# 15 mins of cardio after weights?



## M4V3RiCk (Oct 7, 2011)

People from my gym usually advised not to do any cardio after weights but I wonder if would be ok to do maybe 15 minutes after. If so what sort would be best?


----------



## PRIDE (Oct 7, 2011)

I've always done cardio 2x/ed. Once in the AM when I first wake up and the second PM after weight training. Known MANY that do it this way.


----------



## ASHOP (Oct 8, 2011)

M4V3RiCk said:


> People from my gym usually advised not to do any cardio after weights but I wonder if would be ok to do maybe 15 minutes after. If so what sort would be best?



We only do cardio on NON weight training days most of the time.


----------



## Zanny (Oct 8, 2011)

M4V3RiCk said:


> People from my gym usually advised not to do any cardio after weights but I wonder if would be ok to do maybe 15 minutes after. If so what sort would be best?

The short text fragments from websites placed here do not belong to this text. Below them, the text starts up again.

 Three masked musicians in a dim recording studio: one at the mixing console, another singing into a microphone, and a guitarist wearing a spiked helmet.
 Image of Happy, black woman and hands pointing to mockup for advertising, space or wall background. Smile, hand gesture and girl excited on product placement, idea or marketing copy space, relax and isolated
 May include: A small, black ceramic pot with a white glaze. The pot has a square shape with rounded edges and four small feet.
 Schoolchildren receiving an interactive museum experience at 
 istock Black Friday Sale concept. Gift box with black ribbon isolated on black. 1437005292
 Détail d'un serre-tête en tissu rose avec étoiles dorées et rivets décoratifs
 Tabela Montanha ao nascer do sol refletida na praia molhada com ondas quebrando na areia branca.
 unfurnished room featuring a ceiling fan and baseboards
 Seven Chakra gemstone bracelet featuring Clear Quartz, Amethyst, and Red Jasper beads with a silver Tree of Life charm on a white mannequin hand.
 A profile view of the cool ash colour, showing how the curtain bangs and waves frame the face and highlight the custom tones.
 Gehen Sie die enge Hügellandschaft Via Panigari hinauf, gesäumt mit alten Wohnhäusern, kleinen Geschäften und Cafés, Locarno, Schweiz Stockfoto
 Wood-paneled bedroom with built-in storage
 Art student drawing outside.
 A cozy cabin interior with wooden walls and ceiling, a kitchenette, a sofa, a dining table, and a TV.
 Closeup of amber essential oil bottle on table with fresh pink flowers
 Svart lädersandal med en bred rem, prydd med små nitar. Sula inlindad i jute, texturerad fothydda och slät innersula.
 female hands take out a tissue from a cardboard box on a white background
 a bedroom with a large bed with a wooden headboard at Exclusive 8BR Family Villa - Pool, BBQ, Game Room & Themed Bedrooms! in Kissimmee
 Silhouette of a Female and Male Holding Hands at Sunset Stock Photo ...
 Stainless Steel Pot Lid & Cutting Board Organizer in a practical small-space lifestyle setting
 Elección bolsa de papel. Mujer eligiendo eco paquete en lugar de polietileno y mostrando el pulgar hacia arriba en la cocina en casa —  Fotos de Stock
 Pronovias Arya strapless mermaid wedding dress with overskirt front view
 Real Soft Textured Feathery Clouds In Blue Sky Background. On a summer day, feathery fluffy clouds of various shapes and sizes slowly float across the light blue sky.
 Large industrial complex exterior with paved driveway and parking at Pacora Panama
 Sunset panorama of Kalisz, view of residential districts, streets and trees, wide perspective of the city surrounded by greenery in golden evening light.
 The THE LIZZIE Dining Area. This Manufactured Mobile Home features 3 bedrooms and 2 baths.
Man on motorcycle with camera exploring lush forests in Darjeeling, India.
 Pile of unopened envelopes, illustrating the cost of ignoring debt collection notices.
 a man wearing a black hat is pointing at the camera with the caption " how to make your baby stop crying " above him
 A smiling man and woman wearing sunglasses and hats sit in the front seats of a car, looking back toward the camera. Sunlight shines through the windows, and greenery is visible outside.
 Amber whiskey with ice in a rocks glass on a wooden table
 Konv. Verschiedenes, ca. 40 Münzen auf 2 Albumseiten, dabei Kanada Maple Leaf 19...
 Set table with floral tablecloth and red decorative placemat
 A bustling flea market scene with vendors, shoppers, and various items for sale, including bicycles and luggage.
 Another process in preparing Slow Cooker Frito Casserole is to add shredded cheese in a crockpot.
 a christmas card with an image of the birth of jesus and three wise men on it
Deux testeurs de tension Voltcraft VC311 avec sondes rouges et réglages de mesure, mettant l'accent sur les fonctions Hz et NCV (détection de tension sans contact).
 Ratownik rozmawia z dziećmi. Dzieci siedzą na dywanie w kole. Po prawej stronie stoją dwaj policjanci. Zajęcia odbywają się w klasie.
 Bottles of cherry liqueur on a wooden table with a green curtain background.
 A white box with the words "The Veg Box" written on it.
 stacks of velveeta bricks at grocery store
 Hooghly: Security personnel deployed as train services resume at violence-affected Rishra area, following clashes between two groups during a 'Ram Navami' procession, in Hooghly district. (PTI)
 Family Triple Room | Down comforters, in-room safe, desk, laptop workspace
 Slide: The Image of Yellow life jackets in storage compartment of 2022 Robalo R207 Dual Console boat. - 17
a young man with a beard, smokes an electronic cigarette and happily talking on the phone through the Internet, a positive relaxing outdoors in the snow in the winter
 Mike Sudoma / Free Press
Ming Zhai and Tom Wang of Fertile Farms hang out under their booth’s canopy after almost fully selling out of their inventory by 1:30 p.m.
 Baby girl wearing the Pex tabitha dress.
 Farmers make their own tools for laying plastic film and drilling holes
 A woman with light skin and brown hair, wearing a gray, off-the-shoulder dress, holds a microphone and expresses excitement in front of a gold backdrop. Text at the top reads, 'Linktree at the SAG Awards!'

You can do it, but it will hold back muscles gains.


----------



## foreigner (Oct 10, 2011)

I do a high intensity weight routine and then 20 mins of cardio, it works fine for me .My muscles are growing just fine.


----------



## El_vava (Oct 11, 2011)

after weights I do 20-30 mins cardio. How detrimental is it to muscle growth?


----------